▶ _What you are asked to do_:
Would you restate all of the entries verbatim, minus any images?

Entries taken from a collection

-- Opening Marker --

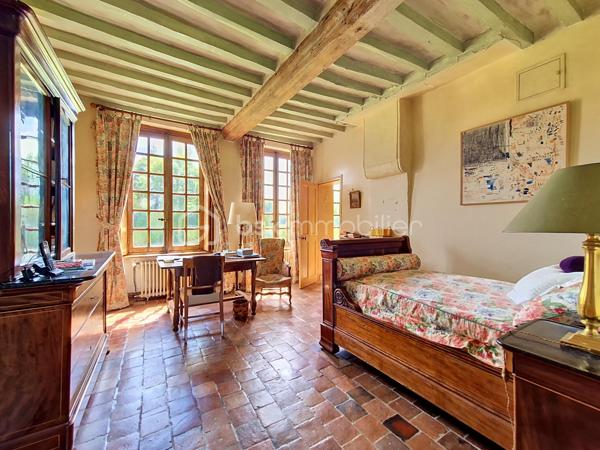 À seulement 9 kilomètres d’Honfleur, dans un petit village de l'Eure bénéficiant d'un environnement calme et préservé, je vous invite à découvrir cette superbe propriété, composée d'une maison de maître, de deux maisons d'amis, et d'une piscine chauffée, le tout sur plus de 2Ha de terrain plat. 

La bâtisse principale, datant du XVIIIᵉ siècle et offrant environ 230 m² habitables, séduit par son authenticité, ses volumes généreux et son charme intemporel. Derrière sa façade élégante, la demeure offre de vastes espaces où les matériaux anciens ont été soigneusement préservés : tomettes d’époque, poutres, boiseries anciennes et éléments de caractère, qui confèrent à l’ensemble une atmosphère chaleureuse et raffinée.
Elle se compose au rez-de-chaussée d'une entrée traversante, d'un spacieux salon de 40 m² avec sa cheminée ancienne, d'une cuisine ouverte sur le coin repas, et d'un wc indépendant. Vous accèderez ensuite au 1er étage par un superbe escalier d'époque, où vous découvrirez un long couloir desservant 3 chambres, disposant toutes de leur propre salle d'eau et wc. Le 2ème étage, sublimé par sa charpente apparente, offre une immense chambre d'environ 40 m², ainsi qu'une atypique salle de bains/douches avec dressing intégré. Sous la maison, une cave partielle avec coin chaufferie.

La première maison d'amis (environ 60 m² habitables), couverte en chaume et entièrement rénovée intérieurement, se compose d'une cuisine aménagée et équipée ouverte sur une belle pièce de vie, et d'un cellier. A l'étage, deux chambres, une salle d'eau avec wc. 
La deuxième maison, à rénover, offre une surface au sol d'environ 40 m², et se compose à ce jour de 3 pièces principales et de 2 salles d'eau. 
Ces deux maisons annexes sont idéales pour recevoir famille et amis en toute intimité, ou pour développer une activité de locations saisonnières.

Vous pourrez également profiter d'une piscine enterrée et chauffée, idéalement exposée et à l'abri des regards.

L' ensemble est édifié sur un terrain plat de plus de deux hectares, réparti en un magnifique parc arboré entourant la maison de maître et les maisons d'amis, et une partie herbage, idéale pour y mettre des animaux.

Une propriété rare sur le marché, pour les amateurs d’authenticité et de belles demeures, à quelques minutes seulement de Honfleur et de la Côte Normande.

-- Closing Marker --

▶ _Response_:
 À seulement 9 kilomètres d’Honfleur, dans un petit village de l'Eure bénéficiant d'un environnement calme et préservé, je vous invite à découvrir cette superbe propriété, composée d'une maison de maître, de deux maisons d'amis, et d'une piscine chauffée, le tout sur plus de 2Ha de terrain plat. 

La bâtisse principale, datant du XVIIIᵉ siècle et offrant environ 230 m² habitables, séduit par son authenticité, ses volumes généreux et son charme intemporel. Derrière sa façade élégante, la demeure offre de vastes espaces où les matériaux anciens ont été soigneusement préservés : tomettes d’époque, poutres, boiseries anciennes et éléments de caractère, qui confèrent à l’ensemble une atmosphère chaleureuse et raffinée.
Elle se compose au rez-de-chaussée d'une entrée traversante, d'un spacieux salon de 40 m² avec sa cheminée ancienne, d'une cuisine ouverte sur le coin repas, et d'un wc indépendant. Vous accèderez ensuite au 1er étage par un superbe escalier d'époque, où vous découvrirez un long couloir desservant 3 chambres, disposant toutes de leur propre salle d'eau et wc. Le 2ème étage, sublimé par sa charpente apparente, offre une immense chambre d'environ 40 m², ainsi qu'une atypique salle de bains/douches avec dressing intégré. Sous la maison, une cave partielle avec coin chaufferie.

La première maison d'amis (environ 60 m² habitables), couverte en chaume et entièrement rénovée intérieurement, se compose d'une cuisine aménagée et équipée ouverte sur une belle pièce de vie, et d'un cellier. A l'étage, deux chambres, une salle d'eau avec wc. 
La deuxième maison, à rénover, offre une surface au sol d'environ 40 m², et se compose à ce jour de 3 pièces principales et de 2 salles d'eau. 
Ces deux maisons annexes sont idéales pour recevoir famille et amis en toute intimité, ou pour développer une activité de locations saisonnières.

Vous pourrez également profiter d'une piscine enterrée et chauffée, idéalement exposée et à l'abri des regards.

L' ensemble est édifié sur un terrain plat de plus de deux hectares, réparti en un magnifique parc arboré entourant la maison de maître et les maisons d'amis, et une partie herbage, idéale pour y mettre des animaux.

Une propriété rare sur le marché, pour les amateurs d’authenticité et de belles demeures, à quelques minutes seulement de Honfleur et de la Côte Normande.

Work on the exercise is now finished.